● Task brief
All entries should be output exactly as they stand.

● Material for this exercise
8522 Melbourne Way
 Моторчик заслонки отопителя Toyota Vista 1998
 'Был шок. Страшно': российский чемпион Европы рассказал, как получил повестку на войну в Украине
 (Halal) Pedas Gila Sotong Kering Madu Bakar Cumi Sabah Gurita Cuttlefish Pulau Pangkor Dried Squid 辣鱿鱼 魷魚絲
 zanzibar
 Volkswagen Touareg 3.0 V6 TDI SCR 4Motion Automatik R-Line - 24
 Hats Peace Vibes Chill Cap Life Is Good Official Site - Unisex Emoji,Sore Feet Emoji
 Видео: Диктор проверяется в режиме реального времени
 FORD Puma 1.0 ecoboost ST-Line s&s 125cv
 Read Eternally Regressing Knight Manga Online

● Written reply
8522 Melbourne Way
 Моторчик заслонки отопителя Toyota Vista 1998
 'Был шок. Страшно': российский чемпион Европы рассказал, как получил повестку на войну в Украине
 (Halal) Pedas Gila Sotong Kering Madu Bakar Cumi Sabah Gurita Cuttlefish Pulau Pangkor Dried Squid 辣鱿鱼 魷魚絲
 zanzibar
 Volkswagen Touareg 3.0 V6 TDI SCR 4Motion Automatik R-Line - 24
 Hats Peace Vibes Chill Cap Life Is Good Official Site - Unisex Emoji,Sore Feet Emoji
 Видео: Диктор проверяется в режиме реального времени
 FORD Puma 1.0 ecoboost ST-Line s&s 125cv
 Read Eternally Regressing Knight Manga Online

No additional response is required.